Re: unexpected result with rcu_nocbs option

"Paul E. McKenney" <paulmck@xxxxxxxxxx> · Thu, 1 Aug 2024 08:28:48 -0700

On Thu, Aug 01, 2024 at 10:52:15AM -0400, Olivier Langlois wrote:
> the initial parsing is fine...
> 
> Aug 01 14:05:51 aws-dublin kernel: rcu: Hierarchical RCU
> implementation.
> Aug 01 14:05:51 aws-dublin kernel: rcu:         RCU restricting CPUs
> from NR_CPUS=128 to nr_cpu_ids=4.
> Aug 01 14:05:51 aws-dublin kernel:         Rude variant of Tasks RCU
> enabled.
> Aug 01 14:05:51 aws-dublin kernel:         Tracing variant of Tasks RCU
> enabled.
> Aug 01 14:05:51 aws-dublin kernel: rcu: RCU calculated value of
> scheduler-enlistment delay is 10 jiffies.
> Aug 01 14:05:51 aws-dublin kernel: rcu: Adjusting geometry for
> rcu_fanout_leaf=16, nr_cpu_ids=4
> Aug 01 14:05:51 aws-dublin kernel: RCU Tasks Rude: Setting shift to 2
> and lim to 1 rcu_task_cb_adjust=1.
> Aug 01 14:05:51 aws-dublin kernel: RCU Tasks Trace: Setting shift to 2
> and lim to 1 rcu_task_cb_adjust=1.
> Aug 01 14:05:51 aws-dublin kernel: NR_IRQS: 8448, nr_irqs: 456,
> preallocated irqs: 16
> Aug 01 14:05:51 aws-dublin kernel: NO_HZ: Full dynticks CPUs: 1-2.
> Aug 01 14:05:51 aws-dublin kernel: rcu:         Offload RCU callbacks
> from CPUs: 1-2.
> Aug 01 14:05:51 aws-dublin kernel: rcu: srcu_init: Setting srcu_struct
> sizes based on contention.
> 
> On Thu, 2024-08-01 at 10:28 -0400, Olivier Langlois wrote:
> > this is with kernel 6.10.2
> > 
> > I have these options set on the boot command line:
> > isolcpus=0,1,2 nohz_full=1,2 rcu_nocbs=1,2
> > 
> > $ ps -eo pid,cpuid,comm | grep rcuog
> >      18     3 rcuog/0
> >      38     0 rcuog/2
> > 
> > I do not understand why a rcuog task is spawn for cpu0.
> > I would have expected to have one for cpu1.

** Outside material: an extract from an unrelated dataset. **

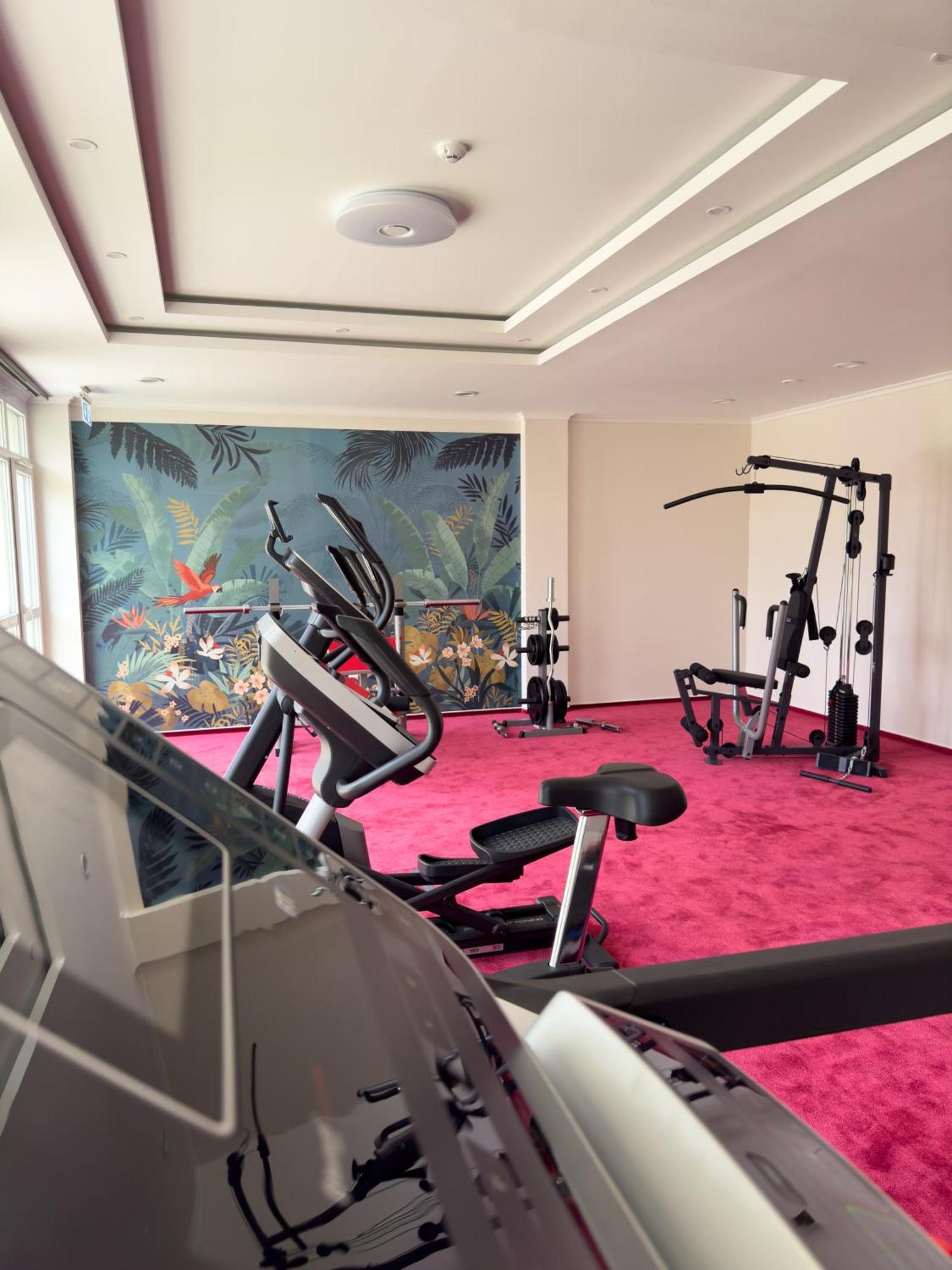 Hotel Aurora Мисколк Екстериор снимка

These handle grace periods, each for a group of CPUs.  You should have one
rcuog kthread for each group of roughly sqrt(nr_cpu_ids) that contains at
least one offloaded CPU, in your case, sqrt(4), which is 2.  You could
use the rcutree.rcu_nocb_gp_stride kernel boot parameter to override
this default, for example, you might want rcutree.rcu_nocb_gp_stride=4
in your case.

> > I do have a
> >      31     3 rcuos/1
> > 
> > I am not familiar enough with rcu to know what rcuos is for.

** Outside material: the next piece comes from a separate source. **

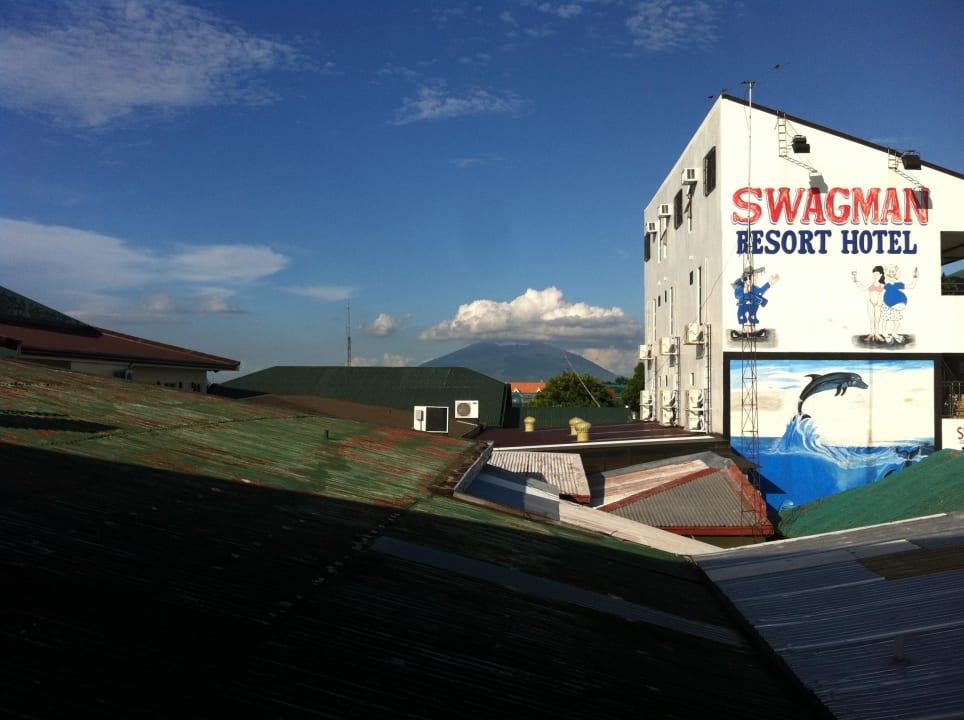 Pinatubo Hotel Patio Inn I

This is the kthread that invokes the callbacks for CPU 1, assuming you
have a non-preemptible kernel (otherwise rcuop/1 for historical reasons
that seemed like a good idea at the time).  Do you also have an rcuos/2?
(See the help text for CONFIG_RCU_NOCB_CPU.)

> > the absence of of rcuog/1 is causing rcu_irq_work_resched() to raise
> > an
> > interrupt every 2-3 seconds on cpu1.

Did you build with CONFIG_LAZY_RCU=y?

Did you use something like taskset to confine the rcuog and rcuos
kthreads to CPUs 0 and 3 (you seem to have 4 CPUs)?

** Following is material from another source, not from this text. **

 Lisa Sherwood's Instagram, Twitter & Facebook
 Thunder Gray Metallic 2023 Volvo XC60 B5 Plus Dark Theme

Might that interrupt be due to a call_rcu() on CPU 1?  If so, can the
work causing that call_rcu() be placed on some other CPU?

> > I am currently reading rcu/tree_nocb.h to try to make sense of what I
> > am seeing but I am pinging the rcu list just in case what I am seeing
> > would be immediately obvious to one of you...

Others might have more suggestions...

							Thanx, Paul